The DCC criteria are labeled as a checklist and are not intended to provide a certification outcome. So, while the list is offered from an authoritative source, the lack of a formal certification option kept this from consideration by the USGS Sub-Committee. The DCC questions, however, were found to be relevant and understandable.

National Oceanic and Atmospheric Administration’s Unified Framework

This approach originated from the National Oceanic and Atmospheric Administration (NOAA). A paper entitled, “A Unified Framework for Measuring Stewardship Practices Applied to Digital Environmental Datasets” () describes this method. The key components include Preservability, Accessibility, Usability, Production Sustainability, Data Quality Assurance, Data Quality Control/Monitoring, Data Quality Assessment, Transparency/Traceability and Data Integrity. Each of the nine components have rankings to be assigned. The rankings all utilize the scheme below:

  • Level 1 Ad Hoc Not Managed
  • Level 2 Minimal Managed Limited
  • Level 3 Intermediate Managed Defined, Partially Implemented
  • Level 4 Advanced Managed Well-Defined, Fully Implemented
  • Level 5 Optimal Level 4+ Measured, Controlled, Audit

The NOAA criteria again are fairly comprehensive with an emphasis upon quality elements. The use of a consistent five-level scoring method for each element was straight forward and would be fairly easy to explain. However, there would be some subjectivity in applying the levels across all of the elements and thus, the USGS did not choose this approach. Additionally, the NOAA option is not intended to provide certification.

Data Seal of Approval

The Data Seal of Approval () approach involved addressing the following criteria:

  • The data producer deposits the data in a data repository with sufficient information for others to assess the quality of the data, and compliance with disciplinary and ethical norms.
  • The data producer provides the data in formats recommended by the data repository.
  • The data producer provides the data together with the metadata requested by the data repository.
  • The data repository has an explicit mission in the area of digital archiving and promulgates it.
  • The data repository uses due diligence to ensure compliance with legal regulations and contracts including, when applicable, regulations governing the protection of human subjects.
  • The data repository applies documented processes and procedures for managing data storage.
  • The data repository has a plan for long-term preservation of its digital assets.
  • Archiving takes place according to explicit work flows across the data life cycle.
  • The data repository assumes responsibility from the data producers for access and availability of the digital objects.
  • The data repository enables the users to discover and use the data and refer to them in a persistent way.
  • The data repository ensures the integrity of the digital objects and the metadata.
  • The data repository ensures the authenticity of the digital objects and the metadata.
  • The technical infrastructure explicitly supports the tasks and functions described in internationally accepted archival standards like OAIS.
  • The data consumer complies with access regulations set by the data repository.
  • The data consumer conforms to and agrees with any codes of conduct that are generally accepted in the relevant sector for the exchange and proper use of knowledge and information.
  • The data consumer respects the applicable licenses of the data repository regarding the use of the data.
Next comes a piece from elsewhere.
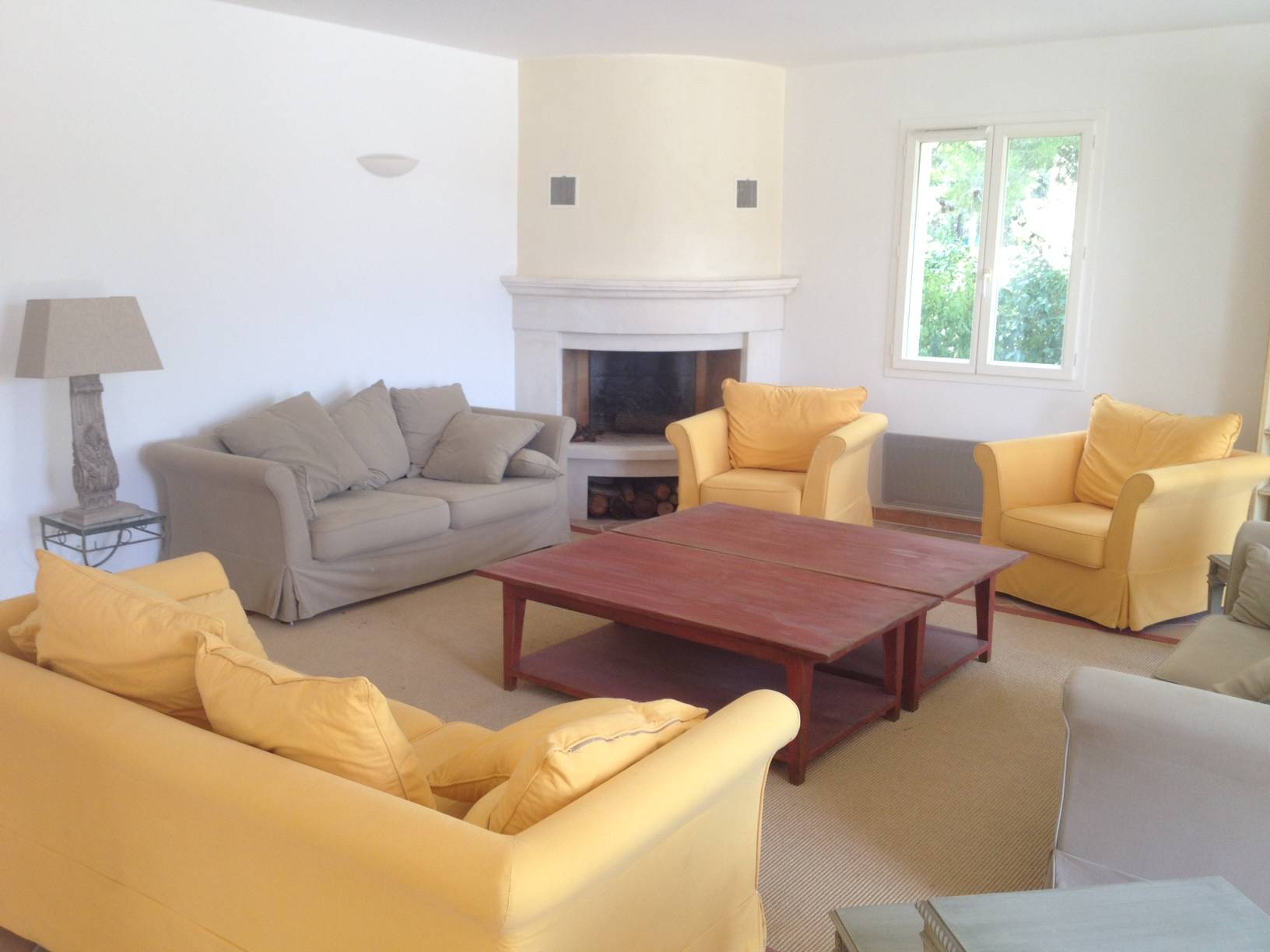 salon avec cheminée dans cette maison de village à vendre à Villars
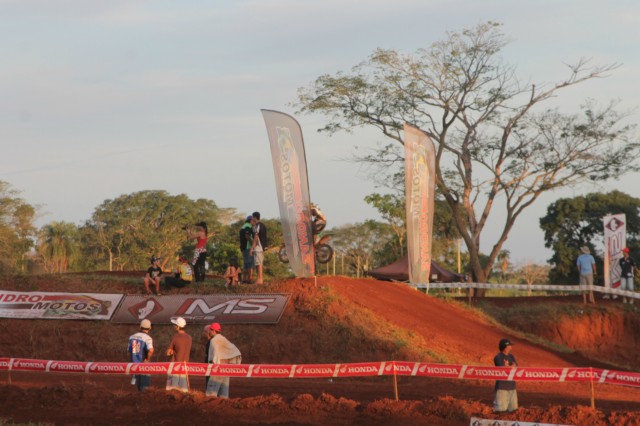 Mais de 3 mil pessoas prestigiaram o motocross em Brasilândia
Each of the DSA criteria had additional text, statements and questions provided to assist comprehending the information being requested. All of the criteria were judged to be relevant, the length and complexity of the criteria were not considered to be overly burdensome, and the DSA offered a certification option. The USGS had previous experience with the Data Seal of Approval approach. One representative from the Sub-Committee had gone through the Data Seal of Approval process and received certification in 2015. This experience and applicability of the criteria led the USGS to consider adopting this approach.

International Standards Organization

The International Standards Organization () issued a standard labeled 16363–2012 related to records management. Module 8, entitled, Becoming A Trusted Digital Repository, describes the required elements of the ISO standard. The elements are grouped under Organizational Infrastructure, Digital Object Management, Infrastructure and Security Risk Management categories. Additional topics under each element include:

  • Organizational Infrastructure
    • Governance and Organizational Viability
      • The repository shall have a mission statement that reflects a commitment to the preservation of, long-term retention of, management of, and access to digital information.
      • The repository shall have a Preservation Strategic Plan that defines the approach the repository will take in the long-term support of its mission.
      • The repository shall have a Collection Policy or other document that specifies the type of information it will preserve, retain, manage, and provide access to.
    • Organizational Structure and Staffing
      • The repository shall have identified and established the duties that it needs to perform and shall have appointed staff with adequate skills and expertise to fulfill those duties.
    • Procedural Accountability and Preservation Policy Framework
      • The repository shall have defined its Designated Community and associated knowledge base(s) and shall have these definitions appropriately accessible.
      • The repository shall have Preservation Policies in place to ensure its Preservation Strategic Plan will be met.
      • The repository shall have a documented history of the changes to its operation, procedures, software, and hardware.
      • The repository shall commit to transparency and accountability in all actions supporting the operation and management of the repository that affect the preservation of digital content over time.
      • The repository shall define, collect, track, and appropriately provide its information integrity measurements.
      • The repository shall commit to a regular schedule of self-assessment and external certification.
    • Financial Sustainability
      • The repository shall have short- and long-term business planning processes in place to sustain the repository over time.
      • The repository shall have financial practices and procedures which are transparent, compliant with relevant accounting standards and practices, and audited by third parties in accordance with territorial legal requirements.
      • The repository shall have an ongoing commitment to analyze and report on financial risk, benefit, investment, and expenditure (including assets, licenses, and liabilities).
    • Contacts, Licenses, and Liabilities
      • The repository shall have and maintain appropriate contracts or deposit agreements for digital materials that it manages, preserves, and/or to which it provides access.
      • The repository shall have contracts or deposit agreements which specify and transfer all necessary preservation rights, and those rights transferred shall be documented.
      • The repository shall have specified all appropriate aspects of acquisition, maintenance, access, and withdrawal in written agreements with depositors and other relevant parties.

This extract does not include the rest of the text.